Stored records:

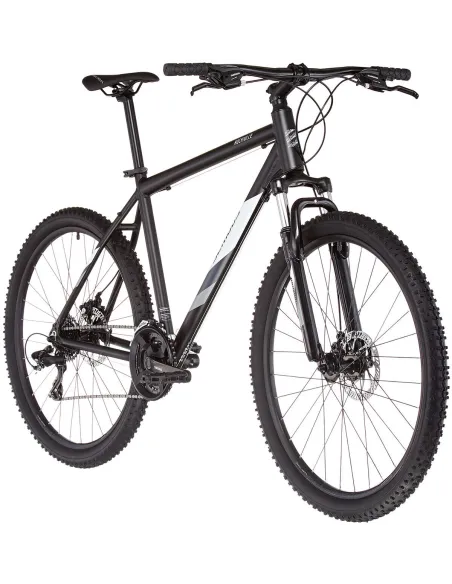 Rower Górski 27,5 Damski Męski ALU 24 Biegi Tarcze - 3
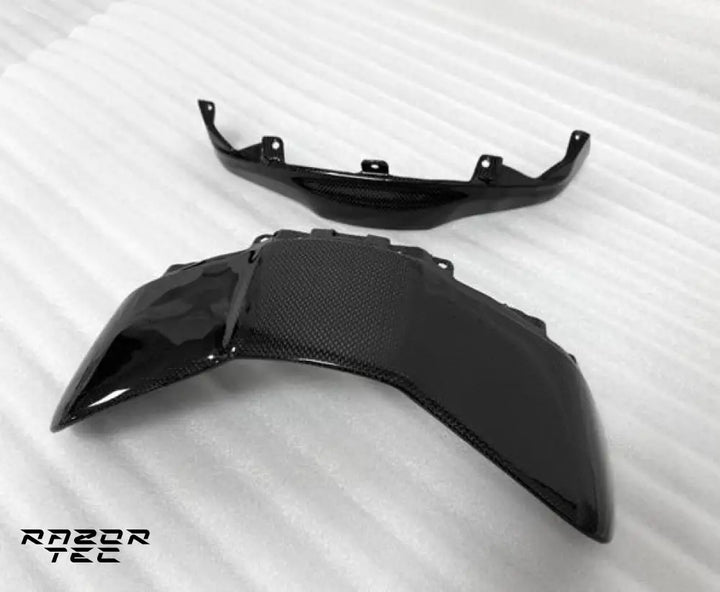 FERRARI PUROSANGUE CARBON FIBER PARTS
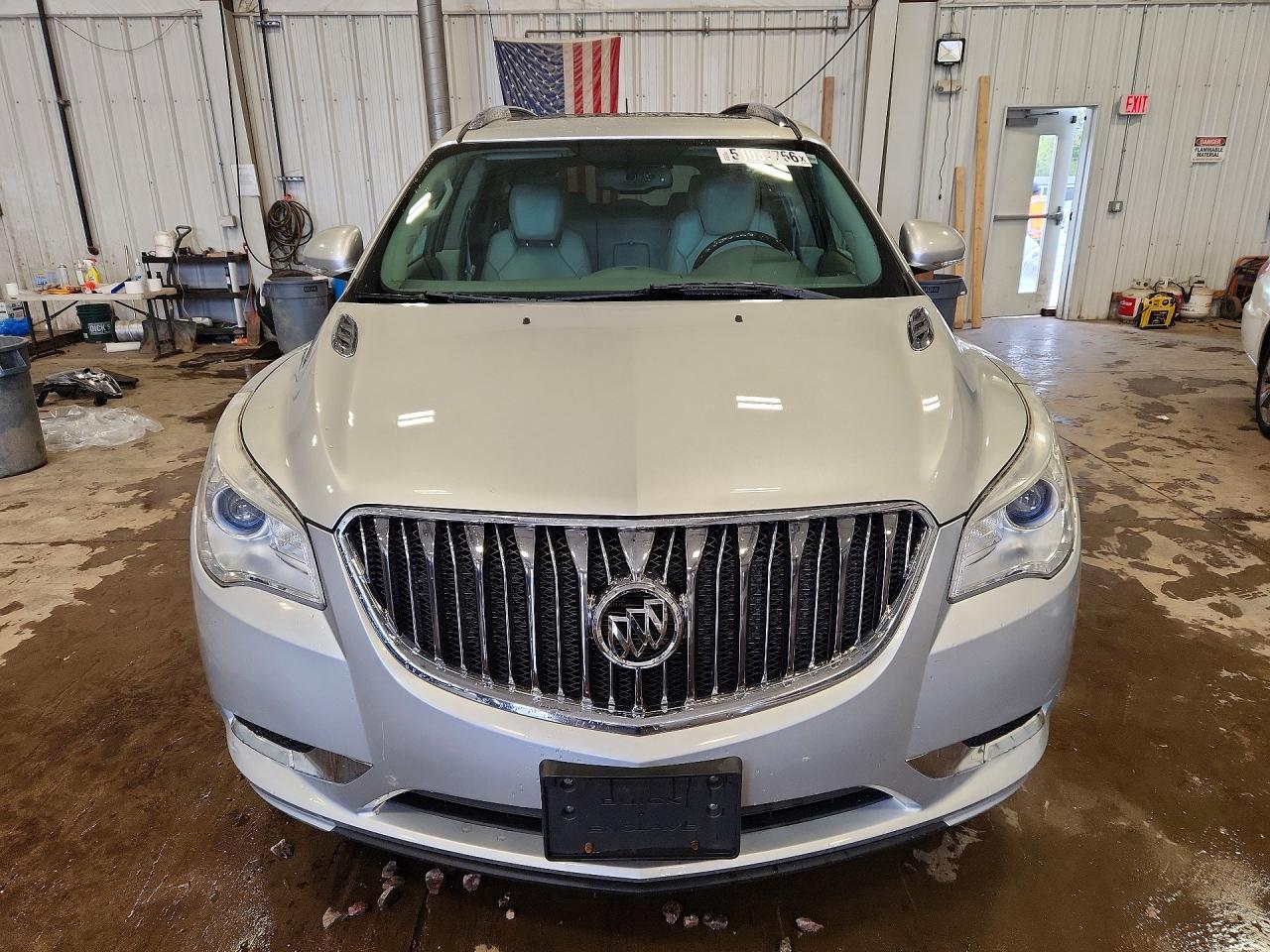 2015 BUICK ENCLAVE photo 9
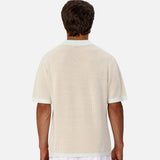 Industrie The Laveno Polo Mint/Camel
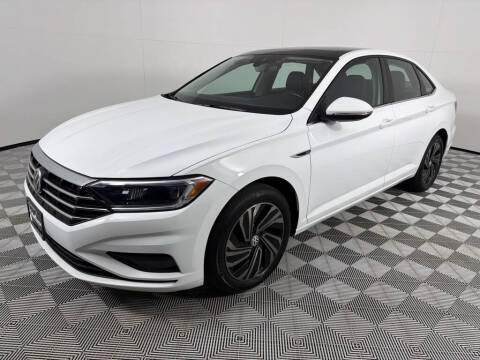 2019 Volkswagen Jetta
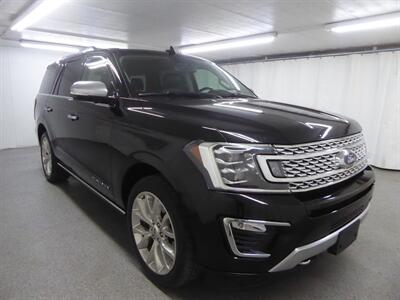 2018 Ford Expedition Platinum SUV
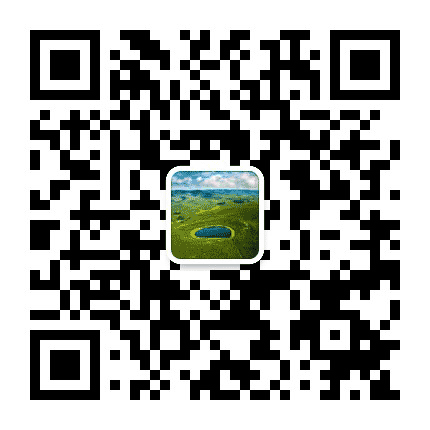 阿尔山旅游景区公众号二维码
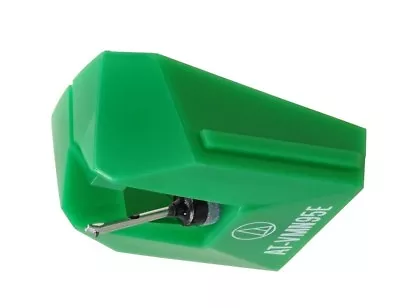 £28.89 • Buy Stylus For Audio Technica VM95E Cartridge Elliptical AT-VMN95E Moving Magnet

### THE TASK
The data must come back word for word, with every picture removed.

### EXERCISE ANSWER
 Rower Górski 27,5 Damski Męski ALU 24 Biegi Tarcze - 3
 FERRARI PUROSANGUE CARBON FIBER PARTS
 2015 BUICK ENCLAVE photo 9
 Industrie The Laveno Polo Mint/Camel
 2019 Volkswagen Jetta
 2018 Ford Expedition Platinum SUV
 阿尔山旅游景区公众号二维码
 £28.89 • Buy Stylus For Audio Technica VM95E Cartridge Elliptical AT-VMN95E Moving Magnet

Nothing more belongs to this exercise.